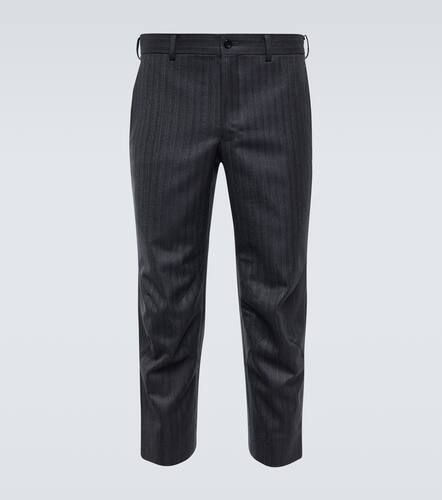 Comme des GarÃ§ons Deux Striped straight-fit wool pants - Comme des Garcons Homme Deux - Modalova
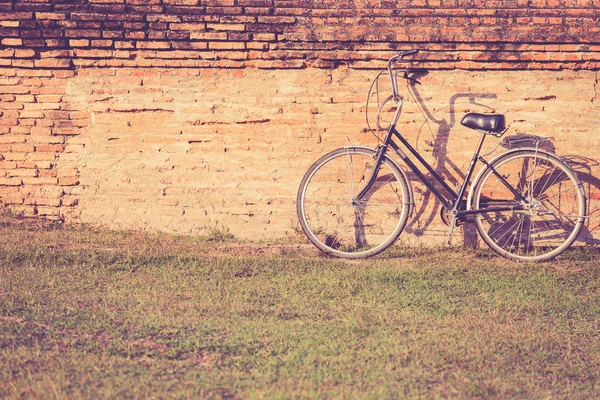 Oldtimer-Fahrrad im historischen Park von Sukhothai — Stockfoto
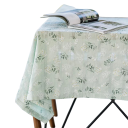 Cotton Tablecloth 90 x 90 cm Square Tablecloth with Floral Pattern Multiple Colour Variants Dining Table Decoration Home Kitchen 11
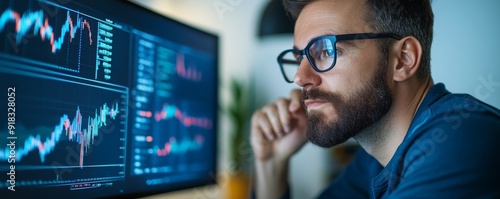 Investment Advisor Explaining Bond Strategy to a Client, Office Setting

********************

__Task__.
Pictures aside, transcribe exactly the lines from the line containing "Cotton Tablecloth 90" through the final line of the material above.

__Task solution__.
 Cotton Tablecloth 90 x 90 cm Square Tablecloth with Floral Pattern Multiple Colour Variants Dining Table Decoration Home Kitchen 11
 Investment Advisor Explaining Bond Strategy to a Client, Office Setting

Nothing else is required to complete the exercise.